Only Zane Maloney of Rodin Carlin, who headed the queue of cars on track, was able to improve his lap time in the second half of qualifying, with the red flag coming out seconds before Hauger could finish his flying lap.
“I was trying to stay where I was in the pit lane. Overall, I think we just had one team ahead of us [Rodin Carlin],” Hauger told InsideF2 in the post-Qualifying press conference.
“Some guys were pushing quite a lot on the out lap, but I just tried to stay quite calm, to be honest, in terms of the amount of traffic we could get on the end of our push lap if it was a traffic jam in the last sector.
“I was trying to play it a bit smart. If I would have pushed a bit more in the out lap, it could have been maybe a lap that I could have finished to improve one more step.
“But I mean other than that, no one really got to finish their lap in the end on that second run, which was a shame.
“You never know the outcome of it. I think we had the pace to be there, but in the end, it is how it is.”
That incomplete lap Hauger referenced was a 1:21.170, which would have put him on pole position by four-hundredths over Hitech’s Jak Crawford.
The red flag for Juan Manuel Correa’s spin in Turn 10, however, came out a few seconds before the Norwegian driver crossed the line, meaning that the time was invalid.
With 3:49 on the clock at the restart, each driver still had enough time for one more flying lap, but Clément Novalak’s accident exiting Turn 3 halted the session for the last time with 50 seconds remaining, and no driver got to complete their final laps either.

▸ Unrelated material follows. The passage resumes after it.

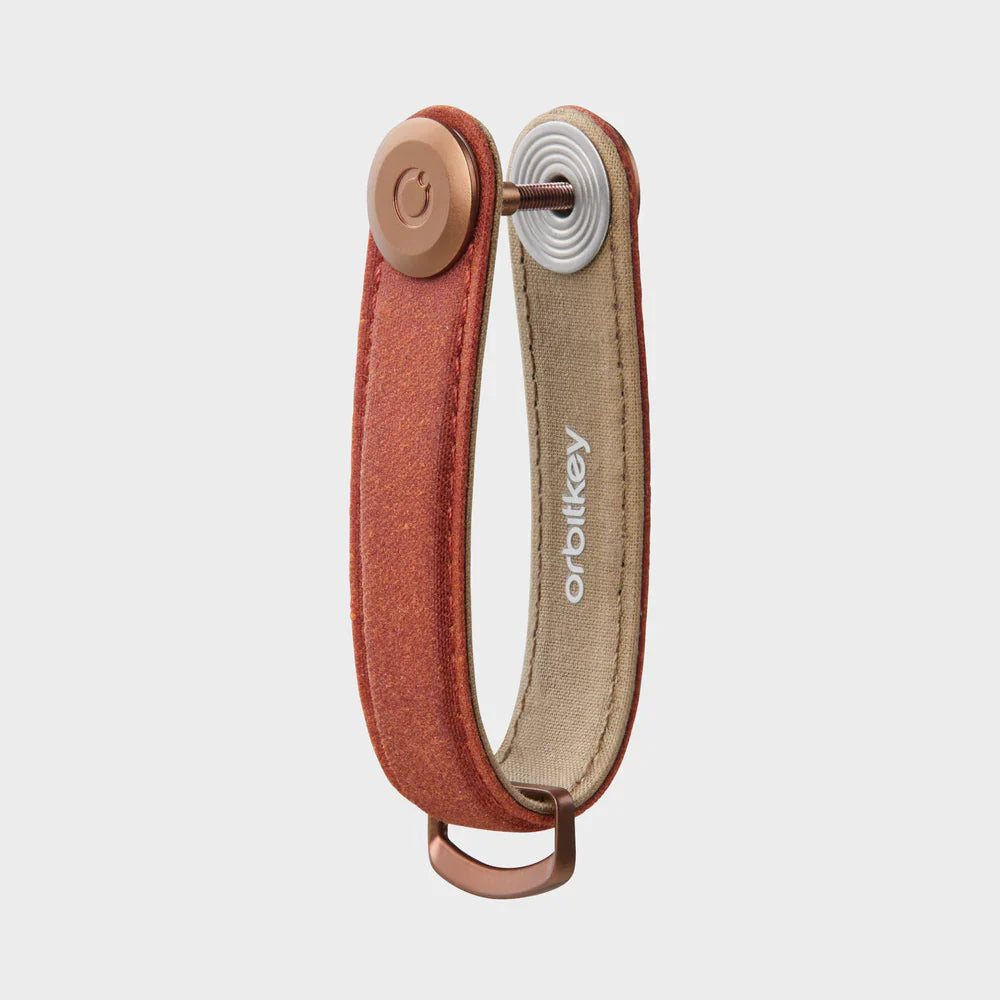 Orbitkey Key Organiser Waxed Canvas in Brick Red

“It just made me pi***d, to be honest,” Hauger said about the loss of his potential pole lap. “Even on the last push, I think I was two tenths or so up before Turn 7 [when the final red flag came out], so generally I felt I had good pace every time I went out.
“But it’s really hard getting the tyres ready, getting everything heated up on an out lap, and then straight to push on this track especially. It was not easy, but it is how it is,” he continued.
“P2 is not the worst starting point going into Sunday. I would have loved to be on pole, but for Sunday, that’s where the points are and that’s where the trophies will be, so [I’ve] just got to think ahead now and focus on that.”
On Sunday, Hauger will line up alongside first-time Feature Race pole sitter Crawford, who also took his joint-best F3 qualifying result at Zandvoort last year.
“I just love to send it. It’s a track that rewards that. Today I was nailing it in sector 1. That’s what made the difference,” Crawford said when asked why Zandvoort seemed to suit him.
“Mainly in Turn 3 … I was able to use the banking really well. I was able to be really precise, and that’s what it takes around this lap on this track. I just tend to love this track.”